ルクセンブルク「公共交通無料」はどれだけ便利? 乗り物も個性的、風光明媚な車窓が満喫できる
ルクセンブルクという国を知っているだろうか。欧州にある小国で、面積は神奈川県ぐらいしかない。ドイツ・フランス・ベルギーに囲まれた内陸国で、日本からアクセスする場合はドイツのフランクフルトやフランスのパリから行くのがポピュラーだ。
この小さな国が最近、交通関係者の間で注目されている。2020年3月から公共交通を無料としたからだ。欧米では以前の記事「公共交通『住民はタダ』、なぜ実現できたのか」で紹介したエストニアの首都タリンのように、都市や地域について無料化の実例はあったが、国全体では初めてと思われる。
無料化に踏み切った背景
欧州の都市交通は日本と違い、税金や補助金を主体とした運営をしている。
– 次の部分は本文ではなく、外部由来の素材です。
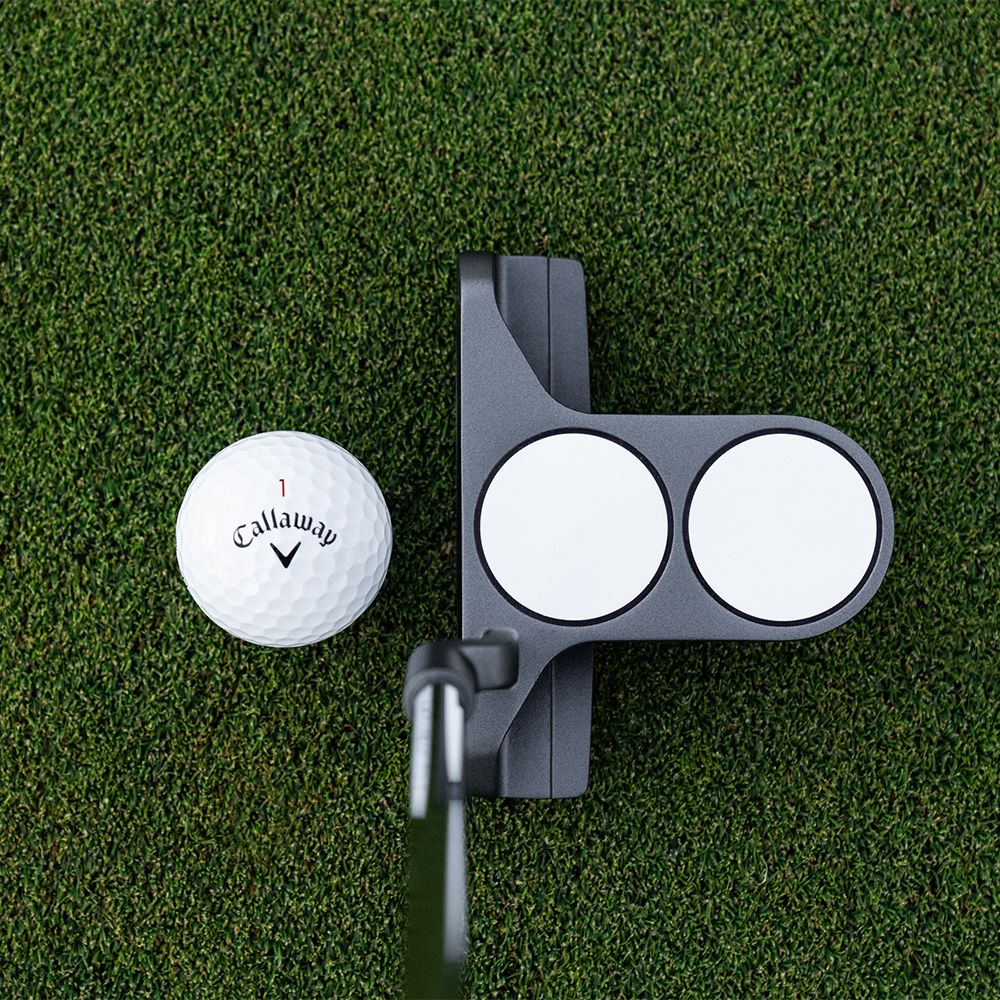 DFX 2-Ball Blade CH Putter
ルクセンブルクについてもそれ以前から、収益に占める運賃収入は1割程度だったそうで、公共交通の運賃は1日4ユーロに抑えられていた。
それを無料とした理由として挙げられているのが、この国の裕福さだ。国民ひとりあたりのGDPは世界一で、自動車保有率はEUでトップレベルである。住宅価格も上昇しており、国外からの越境労働者が増えている。その結果、交通渋滞や大気汚染が問題になりつつあり、解決策として無料化に踏み切ったという。
ともあれ国全体で公共交通が無料というのは画期的なことであり、現地を訪れることにした。筆者はパリ東駅からTGVに乗り、終点のルクセンブルク国鉄(CFL)のルクセンブルク中央駅で降りた。